3.1.3. Radiation from the Atomic Continuum

The molecular continuum can have an important impact on the surrounding regions where the radiation coming from the hottest regions can be strongly absorbed, especially the UV radiations.

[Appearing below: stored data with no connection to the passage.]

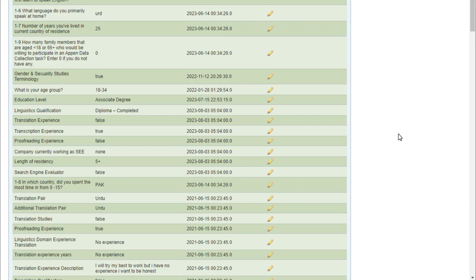Welcome back in another video guys, hope you are doing well. If in your Appen dashboard there are less projects and you want to get access to more projects, specifically long-term projects, then this video is for you. I will tell you the 5 settings and ways that by doing them you will unlock more projects in your Appen dashboard.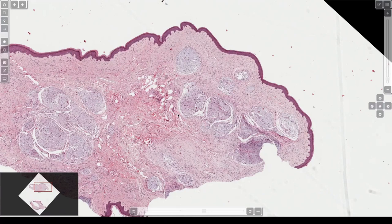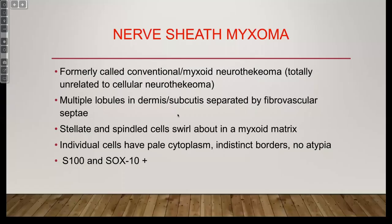It will explain in detail. If it's S100 positive, it's a nerve sheath myxoma, or what used to be called conventional neurothecioma. S100 negative is cellular neurothecioma, which despite the name is not at all neural. Don't blame me for being angry about this — it is a deep, deep hurt that we've caused to the world by naming all these things so similarly. So that's a nerve sheath myxoma.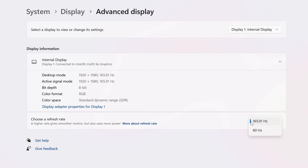Depending on your display, you may have a variety of refresh rates to choose from. In my case, I only have two. Just click on the refresh rate that you want to use.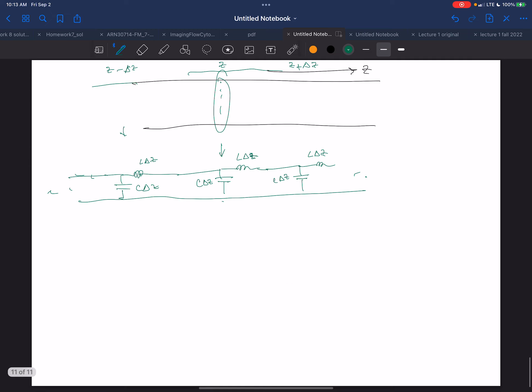This is point Z, this is point Z plus delta Z, this is Z minus delta Z, and there'll be Z plus 2·delta Z, Z plus 3·delta Z, Z plus 1 billion delta Z, and we'll just keep going. We're just going to have a bunch of these pairs of capacitance and inductance distributed along the transmission line.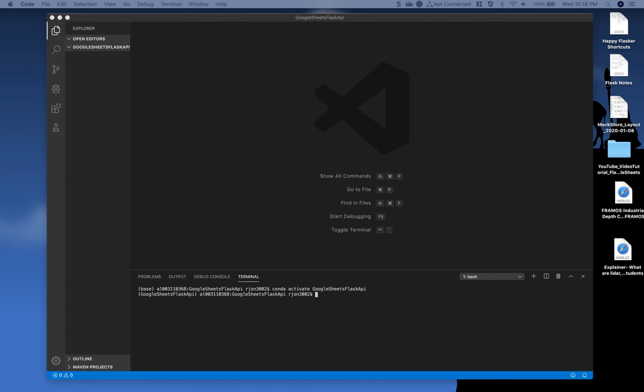In the last video, we generated our custom dummy spreadsheet, we got a link to share and view, we set up our virtual environment in Anaconda, and then we opened up the VS Code IDE, and that's where we're at right now with our virtual environment activated.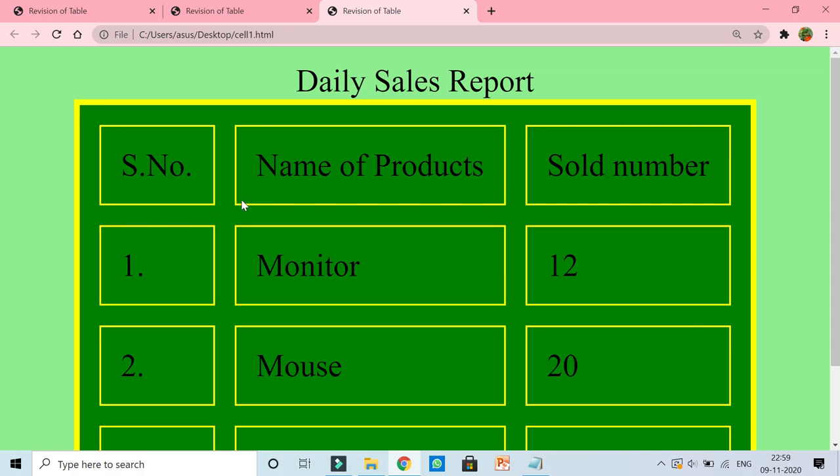It increases the distance between the cell content and the border of the cell, means it increases the distance inside the cell. So this is cell padding.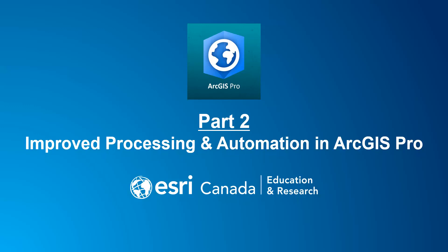Hello everyone, welcome to our ArcGIS Pro tutorial. My name is Anastasios and I'm a higher education developer in the education and research group at Esri Canada. In this tutorial I will demonstrate part two of improved processing and automation that ArcGIS Pro can do.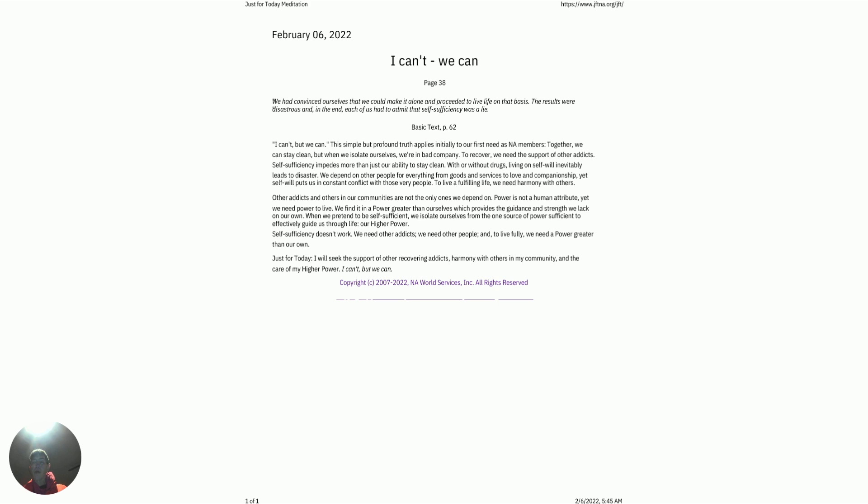I can't, but we can. Again, this simple but profound truth applies initially to our first need as NA members. Today we can stay clean, but when we isolate ourselves, we're in bad company. To recover, we need the support of other addicts. Self-sufficiency impedes more than just our ability to stay clean, with or without drugs.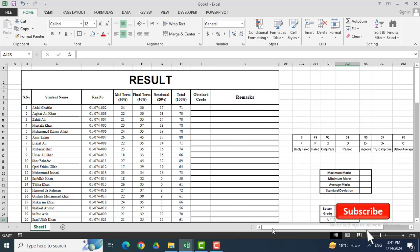Hi dear students and friends, welcome again to the Excel video tutorials. In this video tutorial, we will learn the HLOOKUP table. For this particular task, we have an example here where we have students and year marks. We will use the HLOOKUP tool to assign grades to the students as well as remarks.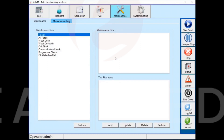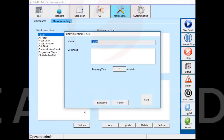The reset function causes all parts of the instrument to perform a reset action to detect if every part is working properly. When an operation is not proper, the machine will alarm. Reset function should be performed every day when starting the machine.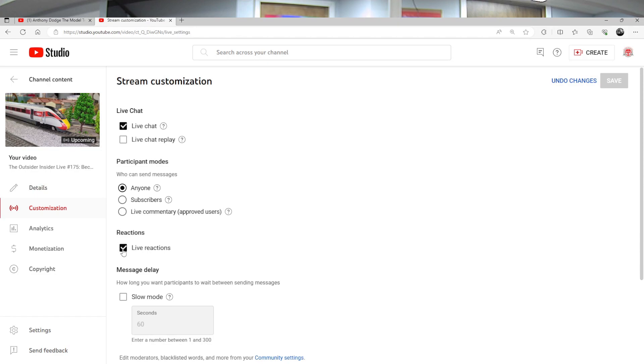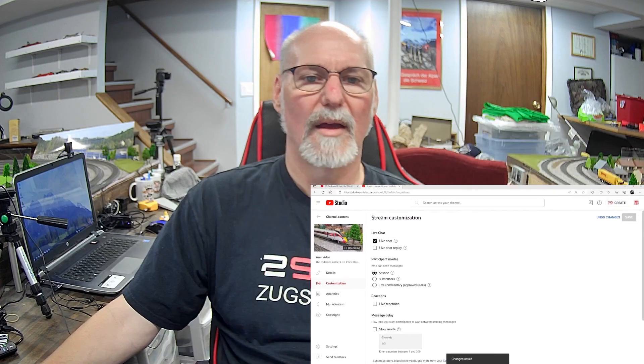Live reactions — deselect. Make sure you go up to save in the upper right-hand corner and save. And the live reaction emojis are off your live stream.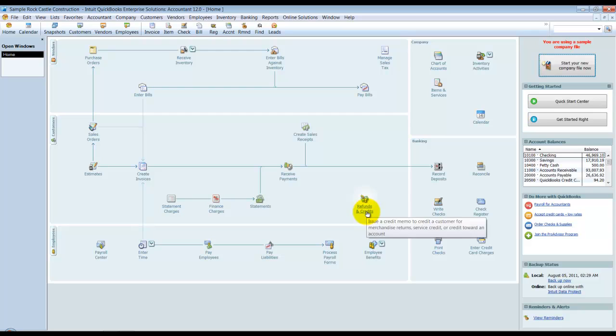Okay, another new feature in QuickBooks 2012 is the Lead Center.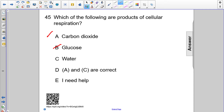Water is also a product of cellular respiration. The hydrogens and oxygens are also left over when the glucose breaks down and combines with the oxygen. So A and C are correct answers.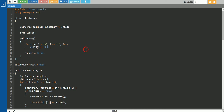In this video, we are learning this project, which is the phone dictionary using Trie data structure. So if you don't know what is Trie data structure, then please go to our description of this video and find the link to learn Trie data structure.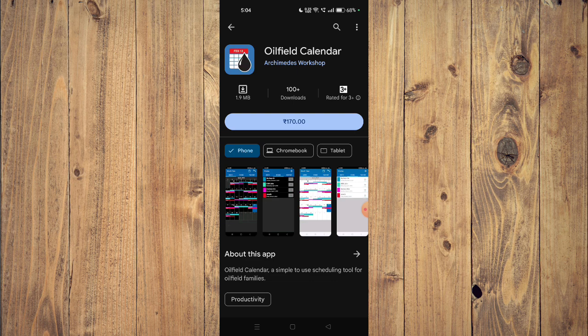And the installation will start. After the installation is completed, you can click on open and the app will launch on your mobile phone.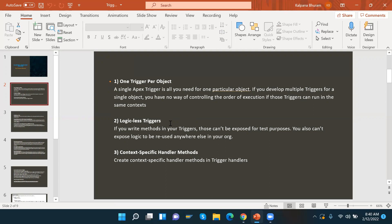The next best practice is the logicless trigger. If you write logic directly in your trigger, it cannot be exposed for testing purposes and cannot be reused elsewhere in your org. We need to write the logic in a helper class or trigger handler so that the logic can be reused and exposed for testing. Writing logic in the handler class is the best practice, not in the trigger itself.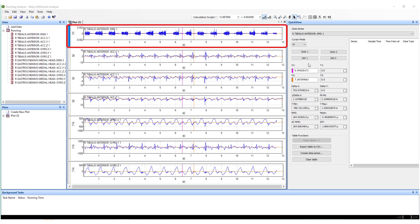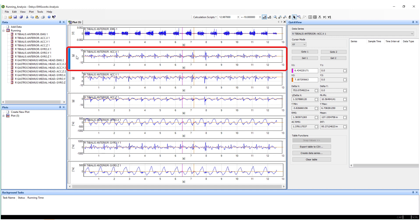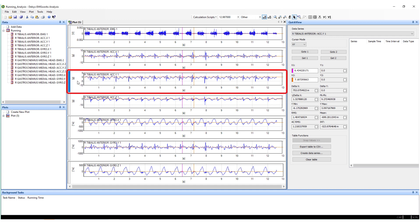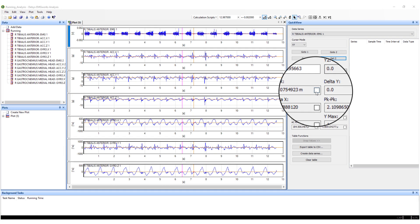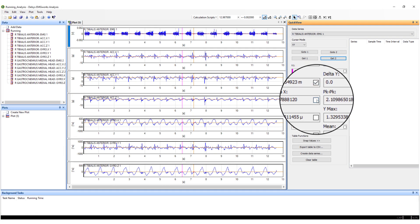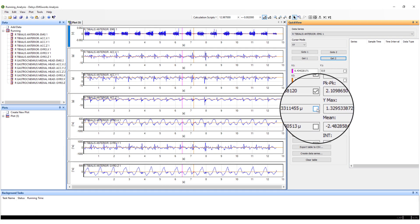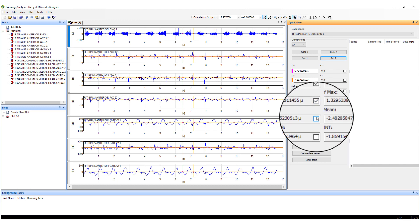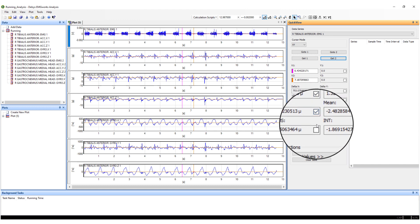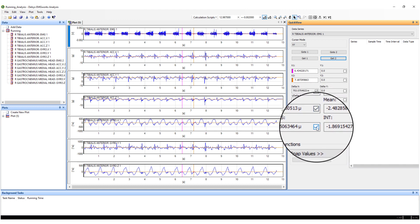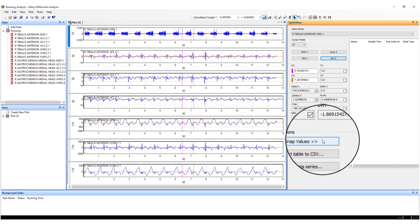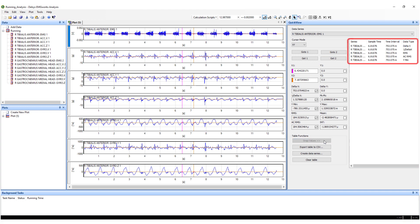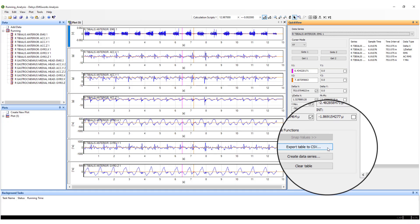To view the data metrics from separate data series, left-click within the data channel, and the Quick View time-windowed metrics will automatically update. By selecting different metrics, the corresponding values can be exported for SNAP values within EMG Works Analysis or as a table within Excel as a CSV export.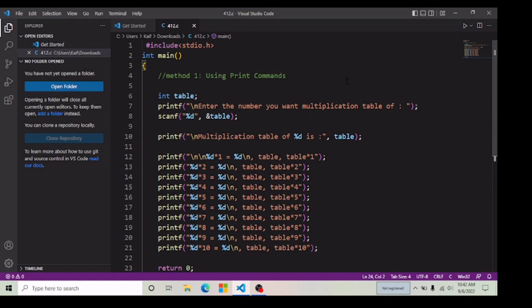Hey friends, welcome back to my YouTube channel. In this video, I will show you how you can add this Code Runner button in your Visual Studio Code. If you want to add this Code Runner button in your Visual Studio Code, then follow along with me.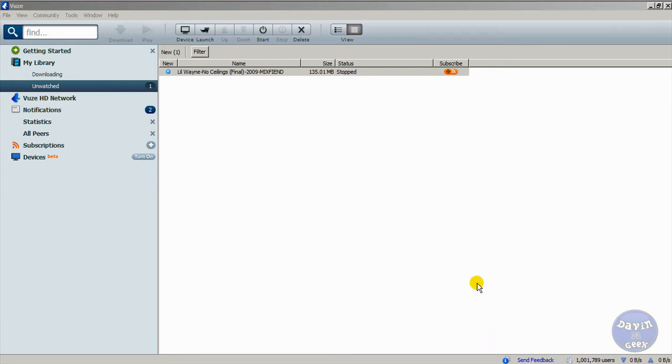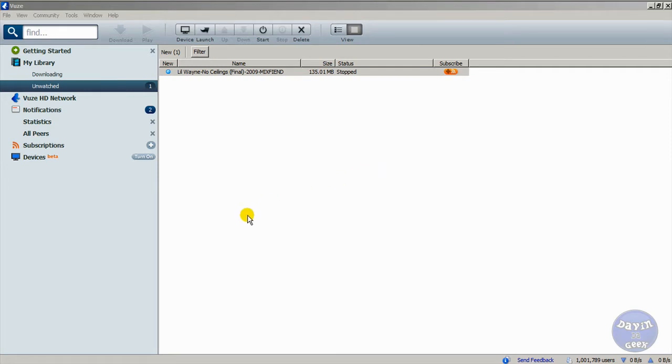Hello everyone, this is Devin the Geek. Today this is a video on how to retrieve what you have downloaded. I'm sorry if I didn't put it in the second video - that's because I didn't have enough time.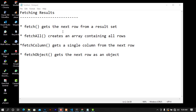Hi friends and welcome back! In the last video you saw how you can get the query results without storing them, or get the data from a query without storing the results. In this video we're going to see how to fetch the results by using fetch methods.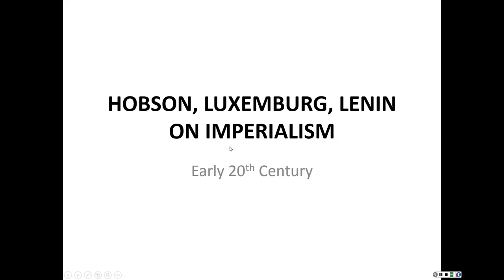Today we want to consider the early 20th century as a sequel to the work of Marx in the 19th century. We look at the question of imperialism as a systemic issue, and we look at the work of Hobson, Lenin, and Luxembourg.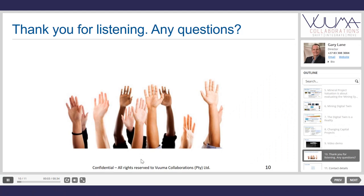Thank you very much, everyone, for listening. A digital twin offers massive opportunities in the mining industry to change the way we do capital projects, reduce study timelines, and generate a higher quality study by integrating all engineering disciplines. Most importantly, it allows us to make proper, informed decisions based on the actual financial impact of all those engineering decisions on the capital project.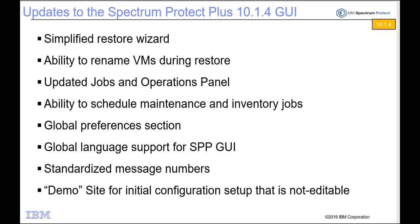Hi, welcome to the IBM Spectrum Protect Plus version 10.1.4. In this demo I'm going to show you the new GUI and some of the changes and new features we've added.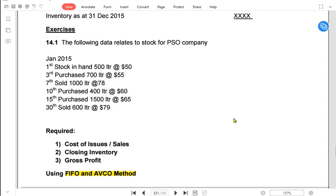If a Pepsi Cola business is using last in first out, they would first assume they are selling the stock bought latest for one point two dollars, then once that is over they assume they are selling the one point one dollar stock, and finally the one dollar stock. AVCO is the average method — every time we buy different stock, we take a weighted average cost and assume all stock is sold at that average price.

Consequently, we included this phenomenon in the calculation assuming its importance for temperatures lower than 10 kK. To take into account this radiative process, we have to consider the photodissociation corresponding to the dissociation of a molecule by photon absorption ($\mathrm{AB}+h\nu \rightleftarrows A+B$), the simple photoionization corresponding to an electron loss by photon absorption $\left(\mathrm{AB}+h\nu \rightleftarrows { \mathrm{AB}}^{+}{+e}_{ }^{-}\right)$, and the dissociative photoionization corresponding to the dissociation of a molecule ($\mathrm{AB}+h\nu \rightleftarrows { A+B}^{+}{+e}_{ }^{-}$). As it is very difficult to calculate the cross-sections for all the rotational, vibrational, or electronic levels, we preferred to use experimental data from the literature. Nevertheless, these data are often obtained in the Standard Temperature Conditions at atmospheric pressure. Based on this report, we applied two assumptions: (1) we only considered the fundamental energy levels, which is a good approximation for the low temperatures where the population number densities of the molecules are significant; (2) the cross-sections of the various involved radiative mechanisms were supposed to be independent of the temperature and only dependent on the wavelength:

$${\epsilon }_{\lambda }^{\mathrm{MC}}\left(T\right){=B}_{\lambda }\left(T\right)·N_{A_2}\left(T\right)·{{\displaystyle \sum }}_i{\mathsf{\sigma }}_{A_2}\left(\lambda ,300 K\right)·\left(1 - \exp \left(-\frac{\mathit{hc}}{{\lambda k}_{B}T}\right)\right)$$

(7)

where ${\epsilon }_{\lambda }^{\mathrm{MC}}\left(T\right)$ is the corresponding spectral emission,${ B}_{\lambda }\left(T\right)$ is the Planck function, $N_{A_2}\left(T\right)$ the total number density of the molecule A₂ at the temperature T (in m⁻³), and ${\mathsf{\sigma }}_{A_2}$ is the total photoabsorption cross-section of the same molecule (in m²). In this work, we considered the molecules C₂, O₂, CO, CO₂, and O₃ already studied in the works of Jan et al. [70] and Billoux et al. [30]. All the references used for the photoabsorption cross-sections are reported in

Table 2. References used for photoabsorption cross-sections of major molecular species.

Molecule	References
C2	[71,72]
CO	[73,74,75]
O3	[76,77,78,79]
O2	[80]
CO2	[74,81,82]

.

3.1.4. Radiation of the Molecular Bands

The consideration of the molecular bands in the radiative spectra is an important task of this work since it was rarely included in our previous works [5], except in the last works of Billoux et al. [30,32]. Here, we took into consideration the diatomic molecular systems of O₂, CO, CO⁺, and C₂ and the polyatomic molecular systems of CO₂ and O₃, even if some of them have a low contribution rate in the plasma composition such as CO₊ or O₃, as listed in

Table 3. Molecular band systems taken into account in the present work.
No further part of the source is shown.